London Mathematical Society Lecture Note Series, 147. Cambridge etc.: Cambridge University Press. 126 p. £12.50; $ 22.95 (1990).
When von Neumann introduced continuous geometries (1936), he used the adjective “continuous” to emphasize the fact that these “pointless geometries” support dimension functions with a continuum of values (e.g., the intervals [0,1] or \([0,\infty))\). He also used “continuity” to label one of the key lattice-theoretic axioms of these geometries. In current terminology, a continuous lattice is a complete lattice L in which \(x\wedge (\bigvee y_ j)=\bigvee (x\wedge y_ j)\) (upper continuity) and \(x\vee (\bigwedge y_ j)=\bigwedge (x\vee y_ j)\) (lower continuity) for all \(x\in L\) and all linearly ordered subsets \(\{y_ j\}\subseteq L\). (With respect to a suitable order topology on L, upper and lower continuity say that the functions \(y\mapsto x\wedge y\) and \(y\mapsto x\vee y\) are continuous.) Taking account of von Neumann’s coordinatization theorem - which says that apart from a few exceptions, any complemented modular lattice is isomorphic to the lattice of principal right ideals of a regular ring - a regular ring is called (right) continuous provided its lattice of principal right ideals is (upper) continuous.

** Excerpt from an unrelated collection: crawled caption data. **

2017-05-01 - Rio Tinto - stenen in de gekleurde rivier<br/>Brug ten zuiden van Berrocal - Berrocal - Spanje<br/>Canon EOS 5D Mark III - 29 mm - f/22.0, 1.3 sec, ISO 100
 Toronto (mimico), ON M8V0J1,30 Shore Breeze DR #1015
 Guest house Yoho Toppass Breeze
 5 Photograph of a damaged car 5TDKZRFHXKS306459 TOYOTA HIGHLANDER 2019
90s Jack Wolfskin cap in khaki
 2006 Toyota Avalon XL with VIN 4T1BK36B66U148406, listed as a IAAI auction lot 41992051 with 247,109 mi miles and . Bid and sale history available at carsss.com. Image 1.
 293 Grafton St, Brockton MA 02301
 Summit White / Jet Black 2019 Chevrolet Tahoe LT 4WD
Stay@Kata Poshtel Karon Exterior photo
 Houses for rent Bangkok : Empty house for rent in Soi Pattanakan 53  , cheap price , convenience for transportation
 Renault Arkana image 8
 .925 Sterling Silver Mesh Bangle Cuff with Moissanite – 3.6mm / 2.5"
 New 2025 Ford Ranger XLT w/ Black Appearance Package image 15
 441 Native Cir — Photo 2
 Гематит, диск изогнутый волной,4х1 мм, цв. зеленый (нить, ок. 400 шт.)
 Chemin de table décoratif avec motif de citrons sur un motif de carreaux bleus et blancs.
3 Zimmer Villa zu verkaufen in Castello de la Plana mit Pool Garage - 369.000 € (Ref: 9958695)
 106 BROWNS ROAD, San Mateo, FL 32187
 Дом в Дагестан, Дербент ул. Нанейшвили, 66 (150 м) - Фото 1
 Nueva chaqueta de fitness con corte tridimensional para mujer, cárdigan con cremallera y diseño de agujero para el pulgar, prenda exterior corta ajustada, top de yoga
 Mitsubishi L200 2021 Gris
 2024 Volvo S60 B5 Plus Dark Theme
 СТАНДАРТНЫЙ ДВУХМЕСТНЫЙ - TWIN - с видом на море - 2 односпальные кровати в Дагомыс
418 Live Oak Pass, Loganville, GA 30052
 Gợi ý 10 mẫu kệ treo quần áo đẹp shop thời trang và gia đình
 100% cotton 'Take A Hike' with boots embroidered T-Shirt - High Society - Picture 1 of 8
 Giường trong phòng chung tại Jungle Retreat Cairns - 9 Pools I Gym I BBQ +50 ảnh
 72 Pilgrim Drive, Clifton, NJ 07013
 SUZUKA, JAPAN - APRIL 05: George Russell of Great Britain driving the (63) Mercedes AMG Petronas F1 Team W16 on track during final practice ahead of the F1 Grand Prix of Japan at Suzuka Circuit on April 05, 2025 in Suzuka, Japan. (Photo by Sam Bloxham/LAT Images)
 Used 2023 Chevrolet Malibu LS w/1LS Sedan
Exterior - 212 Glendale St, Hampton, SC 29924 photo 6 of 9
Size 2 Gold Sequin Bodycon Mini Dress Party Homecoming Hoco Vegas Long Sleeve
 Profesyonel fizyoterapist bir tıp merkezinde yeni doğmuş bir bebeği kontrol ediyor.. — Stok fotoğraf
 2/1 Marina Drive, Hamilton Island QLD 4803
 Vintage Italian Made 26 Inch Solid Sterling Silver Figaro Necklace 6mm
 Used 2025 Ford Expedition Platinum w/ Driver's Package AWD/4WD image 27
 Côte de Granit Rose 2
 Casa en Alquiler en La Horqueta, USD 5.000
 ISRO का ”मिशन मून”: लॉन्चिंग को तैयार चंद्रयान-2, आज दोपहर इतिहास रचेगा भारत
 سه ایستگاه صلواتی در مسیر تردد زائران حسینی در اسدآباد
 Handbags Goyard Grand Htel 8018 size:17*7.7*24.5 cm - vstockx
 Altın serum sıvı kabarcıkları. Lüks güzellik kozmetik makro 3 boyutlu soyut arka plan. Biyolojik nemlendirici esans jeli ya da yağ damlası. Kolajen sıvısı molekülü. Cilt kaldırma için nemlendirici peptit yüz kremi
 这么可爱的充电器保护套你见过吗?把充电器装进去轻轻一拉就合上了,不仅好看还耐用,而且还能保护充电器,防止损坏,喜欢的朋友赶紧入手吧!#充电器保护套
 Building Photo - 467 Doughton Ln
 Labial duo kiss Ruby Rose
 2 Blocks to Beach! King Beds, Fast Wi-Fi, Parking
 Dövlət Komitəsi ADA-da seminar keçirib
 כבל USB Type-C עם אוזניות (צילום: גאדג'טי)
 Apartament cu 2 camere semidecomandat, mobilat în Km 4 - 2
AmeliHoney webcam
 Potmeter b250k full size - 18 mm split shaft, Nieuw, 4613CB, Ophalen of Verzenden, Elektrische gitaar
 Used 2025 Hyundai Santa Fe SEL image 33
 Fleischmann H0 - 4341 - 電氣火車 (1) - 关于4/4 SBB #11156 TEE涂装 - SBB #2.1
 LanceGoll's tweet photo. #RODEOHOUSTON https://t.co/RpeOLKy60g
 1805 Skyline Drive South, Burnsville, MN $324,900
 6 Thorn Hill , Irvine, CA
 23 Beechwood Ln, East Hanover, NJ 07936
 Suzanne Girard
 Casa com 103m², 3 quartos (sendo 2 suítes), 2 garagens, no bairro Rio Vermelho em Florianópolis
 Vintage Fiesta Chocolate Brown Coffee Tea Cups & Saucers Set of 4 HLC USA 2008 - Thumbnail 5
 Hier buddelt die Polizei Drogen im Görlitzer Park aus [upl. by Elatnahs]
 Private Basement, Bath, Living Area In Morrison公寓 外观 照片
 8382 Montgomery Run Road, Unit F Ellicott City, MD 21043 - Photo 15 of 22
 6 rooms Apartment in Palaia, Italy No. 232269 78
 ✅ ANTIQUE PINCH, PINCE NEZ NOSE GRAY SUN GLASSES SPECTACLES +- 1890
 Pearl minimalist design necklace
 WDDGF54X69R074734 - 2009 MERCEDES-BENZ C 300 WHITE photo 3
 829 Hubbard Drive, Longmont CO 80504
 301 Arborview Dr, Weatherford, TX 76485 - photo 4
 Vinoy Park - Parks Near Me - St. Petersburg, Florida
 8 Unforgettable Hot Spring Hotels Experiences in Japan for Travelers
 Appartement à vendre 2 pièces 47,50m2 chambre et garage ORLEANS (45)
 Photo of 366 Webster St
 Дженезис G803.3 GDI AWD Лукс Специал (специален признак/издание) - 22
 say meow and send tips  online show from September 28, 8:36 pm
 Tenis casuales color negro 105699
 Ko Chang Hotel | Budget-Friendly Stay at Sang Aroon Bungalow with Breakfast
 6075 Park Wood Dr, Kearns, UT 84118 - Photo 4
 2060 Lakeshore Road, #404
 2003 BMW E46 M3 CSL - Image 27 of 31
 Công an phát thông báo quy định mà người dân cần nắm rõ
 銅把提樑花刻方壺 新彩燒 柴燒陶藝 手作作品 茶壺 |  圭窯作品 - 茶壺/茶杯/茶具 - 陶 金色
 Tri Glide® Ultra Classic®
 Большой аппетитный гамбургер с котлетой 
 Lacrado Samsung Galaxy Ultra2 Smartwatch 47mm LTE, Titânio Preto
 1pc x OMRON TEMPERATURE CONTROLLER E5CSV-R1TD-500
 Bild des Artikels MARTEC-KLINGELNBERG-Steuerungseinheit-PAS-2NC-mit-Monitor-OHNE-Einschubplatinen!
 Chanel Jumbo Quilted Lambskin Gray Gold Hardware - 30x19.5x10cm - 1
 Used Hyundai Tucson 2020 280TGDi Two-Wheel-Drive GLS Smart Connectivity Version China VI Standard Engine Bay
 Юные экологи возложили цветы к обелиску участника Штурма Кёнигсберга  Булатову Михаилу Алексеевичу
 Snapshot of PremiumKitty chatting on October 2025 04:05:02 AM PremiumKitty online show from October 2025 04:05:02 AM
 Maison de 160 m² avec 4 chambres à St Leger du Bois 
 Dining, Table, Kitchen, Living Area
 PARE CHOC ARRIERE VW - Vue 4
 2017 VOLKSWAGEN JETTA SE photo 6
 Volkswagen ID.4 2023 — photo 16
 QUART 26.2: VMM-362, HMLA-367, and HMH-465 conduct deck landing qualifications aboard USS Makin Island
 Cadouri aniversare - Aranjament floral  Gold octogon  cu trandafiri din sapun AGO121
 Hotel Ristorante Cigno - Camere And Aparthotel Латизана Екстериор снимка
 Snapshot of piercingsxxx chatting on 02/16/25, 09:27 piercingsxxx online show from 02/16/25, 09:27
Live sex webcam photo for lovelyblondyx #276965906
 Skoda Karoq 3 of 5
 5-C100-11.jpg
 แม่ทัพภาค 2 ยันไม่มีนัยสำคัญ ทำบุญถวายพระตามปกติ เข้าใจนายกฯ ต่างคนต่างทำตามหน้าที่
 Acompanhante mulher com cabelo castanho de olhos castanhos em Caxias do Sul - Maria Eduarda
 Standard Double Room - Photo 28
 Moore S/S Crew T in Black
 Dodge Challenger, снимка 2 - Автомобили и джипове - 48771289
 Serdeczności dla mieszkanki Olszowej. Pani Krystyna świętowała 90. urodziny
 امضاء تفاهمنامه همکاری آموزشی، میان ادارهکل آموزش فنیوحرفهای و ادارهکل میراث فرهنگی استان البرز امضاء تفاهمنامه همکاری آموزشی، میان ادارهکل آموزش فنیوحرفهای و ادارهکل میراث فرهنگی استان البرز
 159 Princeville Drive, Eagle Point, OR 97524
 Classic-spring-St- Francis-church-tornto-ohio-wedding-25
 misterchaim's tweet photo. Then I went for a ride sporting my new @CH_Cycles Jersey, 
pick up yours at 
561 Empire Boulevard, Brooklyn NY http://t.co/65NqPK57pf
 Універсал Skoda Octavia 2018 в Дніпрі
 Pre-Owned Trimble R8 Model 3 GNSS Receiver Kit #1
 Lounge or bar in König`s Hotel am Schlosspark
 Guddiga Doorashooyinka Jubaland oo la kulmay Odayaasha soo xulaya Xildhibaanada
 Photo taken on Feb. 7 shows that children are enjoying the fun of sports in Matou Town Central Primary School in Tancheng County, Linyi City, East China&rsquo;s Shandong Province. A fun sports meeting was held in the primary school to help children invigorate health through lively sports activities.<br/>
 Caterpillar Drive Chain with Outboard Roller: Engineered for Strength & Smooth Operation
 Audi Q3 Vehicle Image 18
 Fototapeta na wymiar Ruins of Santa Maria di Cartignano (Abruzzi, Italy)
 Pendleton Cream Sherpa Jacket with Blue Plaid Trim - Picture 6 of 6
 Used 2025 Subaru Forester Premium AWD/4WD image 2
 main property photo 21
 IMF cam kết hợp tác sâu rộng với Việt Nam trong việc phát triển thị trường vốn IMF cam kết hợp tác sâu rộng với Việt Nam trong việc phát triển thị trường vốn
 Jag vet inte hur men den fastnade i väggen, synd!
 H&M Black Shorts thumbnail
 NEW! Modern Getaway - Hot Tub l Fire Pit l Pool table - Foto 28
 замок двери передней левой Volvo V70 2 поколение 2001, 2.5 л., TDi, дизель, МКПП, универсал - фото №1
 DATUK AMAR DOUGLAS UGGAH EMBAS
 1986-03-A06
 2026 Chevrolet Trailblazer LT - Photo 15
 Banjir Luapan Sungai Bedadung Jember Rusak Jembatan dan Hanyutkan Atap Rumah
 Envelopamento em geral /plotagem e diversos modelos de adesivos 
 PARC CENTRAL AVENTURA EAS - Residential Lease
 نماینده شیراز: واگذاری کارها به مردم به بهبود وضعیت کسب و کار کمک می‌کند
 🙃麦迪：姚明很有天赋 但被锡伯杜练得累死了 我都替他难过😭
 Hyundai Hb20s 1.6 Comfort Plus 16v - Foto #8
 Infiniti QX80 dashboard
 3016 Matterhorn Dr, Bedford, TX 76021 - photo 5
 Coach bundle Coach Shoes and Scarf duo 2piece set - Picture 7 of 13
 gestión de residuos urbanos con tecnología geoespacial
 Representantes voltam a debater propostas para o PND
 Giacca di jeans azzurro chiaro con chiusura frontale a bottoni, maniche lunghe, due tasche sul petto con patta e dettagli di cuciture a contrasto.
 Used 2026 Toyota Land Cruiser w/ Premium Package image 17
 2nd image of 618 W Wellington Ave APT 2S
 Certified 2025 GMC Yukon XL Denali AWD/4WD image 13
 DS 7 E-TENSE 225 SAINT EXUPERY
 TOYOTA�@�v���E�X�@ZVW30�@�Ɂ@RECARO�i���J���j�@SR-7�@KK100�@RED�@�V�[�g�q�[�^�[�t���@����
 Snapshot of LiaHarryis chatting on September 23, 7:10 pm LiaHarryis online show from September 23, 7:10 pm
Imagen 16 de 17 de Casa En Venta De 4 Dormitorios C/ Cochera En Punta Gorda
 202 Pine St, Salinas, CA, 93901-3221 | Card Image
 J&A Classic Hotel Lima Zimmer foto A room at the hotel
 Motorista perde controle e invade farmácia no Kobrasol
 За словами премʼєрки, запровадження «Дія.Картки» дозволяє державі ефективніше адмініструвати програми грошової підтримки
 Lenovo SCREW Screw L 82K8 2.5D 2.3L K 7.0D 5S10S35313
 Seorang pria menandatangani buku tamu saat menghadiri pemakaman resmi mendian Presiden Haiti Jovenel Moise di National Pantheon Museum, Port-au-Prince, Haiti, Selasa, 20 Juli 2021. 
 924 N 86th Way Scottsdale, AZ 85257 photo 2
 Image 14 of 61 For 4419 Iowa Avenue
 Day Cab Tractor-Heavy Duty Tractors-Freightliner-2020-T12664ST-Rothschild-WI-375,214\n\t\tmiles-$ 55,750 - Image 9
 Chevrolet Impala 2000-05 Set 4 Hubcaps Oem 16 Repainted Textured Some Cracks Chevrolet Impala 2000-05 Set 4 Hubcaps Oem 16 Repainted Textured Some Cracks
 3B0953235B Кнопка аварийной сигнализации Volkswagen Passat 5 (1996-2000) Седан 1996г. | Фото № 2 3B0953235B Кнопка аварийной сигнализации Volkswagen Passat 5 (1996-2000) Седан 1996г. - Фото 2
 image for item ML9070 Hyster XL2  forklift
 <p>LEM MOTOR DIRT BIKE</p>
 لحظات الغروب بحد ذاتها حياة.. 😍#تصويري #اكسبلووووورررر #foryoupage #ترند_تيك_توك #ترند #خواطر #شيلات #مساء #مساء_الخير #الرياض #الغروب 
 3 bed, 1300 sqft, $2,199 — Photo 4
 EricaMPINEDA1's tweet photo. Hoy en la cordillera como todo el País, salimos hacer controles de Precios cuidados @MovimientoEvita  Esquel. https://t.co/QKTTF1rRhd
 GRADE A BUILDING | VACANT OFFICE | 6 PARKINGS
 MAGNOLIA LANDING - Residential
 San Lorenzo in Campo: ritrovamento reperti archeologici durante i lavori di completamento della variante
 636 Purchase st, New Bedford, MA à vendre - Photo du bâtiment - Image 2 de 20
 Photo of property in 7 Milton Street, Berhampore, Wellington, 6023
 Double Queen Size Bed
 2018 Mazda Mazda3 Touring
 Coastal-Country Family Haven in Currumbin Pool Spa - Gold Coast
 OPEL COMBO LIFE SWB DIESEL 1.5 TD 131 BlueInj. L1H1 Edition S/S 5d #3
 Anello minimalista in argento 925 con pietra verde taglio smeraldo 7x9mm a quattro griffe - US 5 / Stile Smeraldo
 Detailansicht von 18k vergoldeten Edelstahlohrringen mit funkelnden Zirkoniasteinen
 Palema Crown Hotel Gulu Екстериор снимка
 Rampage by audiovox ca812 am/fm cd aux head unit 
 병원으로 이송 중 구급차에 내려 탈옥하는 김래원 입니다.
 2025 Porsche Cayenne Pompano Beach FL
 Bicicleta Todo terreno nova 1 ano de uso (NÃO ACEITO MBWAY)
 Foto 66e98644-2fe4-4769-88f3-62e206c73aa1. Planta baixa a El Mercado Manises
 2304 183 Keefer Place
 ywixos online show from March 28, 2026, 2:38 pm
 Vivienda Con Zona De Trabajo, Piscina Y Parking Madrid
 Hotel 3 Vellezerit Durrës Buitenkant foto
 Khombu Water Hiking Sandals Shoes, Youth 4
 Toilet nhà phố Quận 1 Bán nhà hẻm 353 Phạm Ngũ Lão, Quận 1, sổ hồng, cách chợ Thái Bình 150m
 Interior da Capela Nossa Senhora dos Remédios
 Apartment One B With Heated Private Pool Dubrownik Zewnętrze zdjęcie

Utumi (1960) proved that a regular ring is right continuous if and only if every right ideal is essential in a principal right ideal. In 1965, he showed that the direct sum decomposition theory in such a ring also holds for rings in which (a) every right ideal is essential in a direct summand, and (b) any right ideal isomorphic to a direct summand is itself a direct summand; these rings he called “right continuous rings”. This concept was transferred to modules, and generalized to e.g. quasi- continuity and \((quasi\)-)\(\aleph_ 0\)-continuity, by various authors, such as Jeremy (1971), Mohamed and Bouhy (1977), and Kutami (1983). The starting point of the present treatise is the concept of quasi- continuity: a module M is quasi-continuous provided (a) every submodule of M is essential in a direct summand of M, and (b) whenever \(M_ 1\) and \(M_ 2\) are direct summands of M with \(M_ 1\cap M_ 2=0\), then \(M_ 1\oplus M_ 2\) is a direct summand.
The monograph under review presents a complete and current account of the subject of continuous and quasi-continuous modules, and of modules satisfying dual conditions, which the authors baptize “quasi-discrete”. The main theme of the book is the development and exploitation of the generous supply of direct summands in such modules; we mention some sample results. (1) A module is quasi-continuous if and only if it inherits all direct sum decompositions from its injective hull. (2) Two direct summands of a quasi-continuous module are isomorphic if and only if their injective hulls are isomorphic. (3) Any quasi-continuous module is a direct sum of a quasi-injective module and a module with no submodules of the form \(X\oplus X\). (4) In a quasi-continuous module, isomorphic directly finite summands have isomorphic complements; moreover, directly finite continuous modules cancel from external direct sums. (5) All continuous modules satisfy the exchange property.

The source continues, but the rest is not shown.